• [Source material]
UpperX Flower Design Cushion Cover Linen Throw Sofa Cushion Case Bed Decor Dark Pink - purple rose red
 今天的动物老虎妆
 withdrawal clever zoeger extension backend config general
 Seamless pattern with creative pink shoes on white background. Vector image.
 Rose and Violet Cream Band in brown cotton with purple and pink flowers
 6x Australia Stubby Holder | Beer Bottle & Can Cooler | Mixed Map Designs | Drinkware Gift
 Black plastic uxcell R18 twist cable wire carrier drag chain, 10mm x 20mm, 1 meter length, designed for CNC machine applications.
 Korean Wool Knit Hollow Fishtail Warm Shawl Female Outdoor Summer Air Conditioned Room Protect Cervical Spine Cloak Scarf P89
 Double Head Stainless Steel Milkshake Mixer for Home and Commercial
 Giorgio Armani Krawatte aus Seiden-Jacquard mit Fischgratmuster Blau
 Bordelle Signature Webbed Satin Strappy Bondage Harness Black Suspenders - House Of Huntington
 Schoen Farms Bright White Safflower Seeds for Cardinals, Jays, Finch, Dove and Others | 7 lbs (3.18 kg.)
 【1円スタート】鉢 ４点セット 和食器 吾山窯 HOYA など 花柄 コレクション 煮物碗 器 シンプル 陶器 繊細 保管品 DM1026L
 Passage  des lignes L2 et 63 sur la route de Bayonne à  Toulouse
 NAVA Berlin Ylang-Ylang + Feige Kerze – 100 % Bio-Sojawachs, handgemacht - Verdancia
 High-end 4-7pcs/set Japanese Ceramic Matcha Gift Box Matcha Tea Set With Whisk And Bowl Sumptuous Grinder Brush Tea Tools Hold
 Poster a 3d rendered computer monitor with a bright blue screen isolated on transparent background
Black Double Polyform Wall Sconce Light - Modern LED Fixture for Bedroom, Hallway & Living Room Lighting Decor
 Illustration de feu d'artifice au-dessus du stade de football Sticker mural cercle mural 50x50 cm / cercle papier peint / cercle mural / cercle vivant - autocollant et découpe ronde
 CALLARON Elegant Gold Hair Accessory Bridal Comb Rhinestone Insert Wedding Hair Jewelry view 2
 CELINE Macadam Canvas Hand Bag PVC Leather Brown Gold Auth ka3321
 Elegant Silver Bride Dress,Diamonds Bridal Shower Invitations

• [Exercise] Exactly as given, set down all of the lines above.

• [Result of this exercise]
UpperX Flower Design Cushion Cover Linen Throw Sofa Cushion Case Bed Decor Dark Pink - purple rose red
 今天的动物老虎妆
 withdrawal clever zoeger extension backend config general
 Seamless pattern with creative pink shoes on white background. Vector image.
 Rose and Violet Cream Band in brown cotton with purple and pink flowers
 6x Australia Stubby Holder | Beer Bottle & Can Cooler | Mixed Map Designs | Drinkware Gift
 Black plastic uxcell R18 twist cable wire carrier drag chain, 10mm x 20mm, 1 meter length, designed for CNC machine applications.
 Korean Wool Knit Hollow Fishtail Warm Shawl Female Outdoor Summer Air Conditioned Room Protect Cervical Spine Cloak Scarf P89
 Double Head Stainless Steel Milkshake Mixer for Home and Commercial
 Giorgio Armani Krawatte aus Seiden-Jacquard mit Fischgratmuster Blau
 Bordelle Signature Webbed Satin Strappy Bondage Harness Black Suspenders - House Of Huntington
 Schoen Farms Bright White Safflower Seeds for Cardinals, Jays, Finch, Dove and Others | 7 lbs (3.18 kg.)
 【1円スタート】鉢 ４点セット 和食器 吾山窯 HOYA など 花柄 コレクション 煮物碗 器 シンプル 陶器 繊細 保管品 DM1026L
 Passage  des lignes L2 et 63 sur la route de Bayonne à  Toulouse
 NAVA Berlin Ylang-Ylang + Feige Kerze – 100 % Bio-Sojawachs, handgemacht - Verdancia
 High-end 4-7pcs/set Japanese Ceramic Matcha Gift Box Matcha Tea Set With Whisk And Bowl Sumptuous Grinder Brush Tea Tools Hold
 Poster a 3d rendered computer monitor with a bright blue screen isolated on transparent background
Black Double Polyform Wall Sconce Light - Modern LED Fixture for Bedroom, Hallway & Living Room Lighting Decor
 Illustration de feu d'artifice au-dessus du stade de football Sticker mural cercle mural 50x50 cm / cercle papier peint / cercle mural / cercle vivant - autocollant et découpe ronde
 CALLARON Elegant Gold Hair Accessory Bridal Comb Rhinestone Insert Wedding Hair Jewelry view 2
 CELINE Macadam Canvas Hand Bag PVC Leather Brown Gold Auth ka3321
 Elegant Silver Bride Dress,Diamonds Bridal Shower Invitations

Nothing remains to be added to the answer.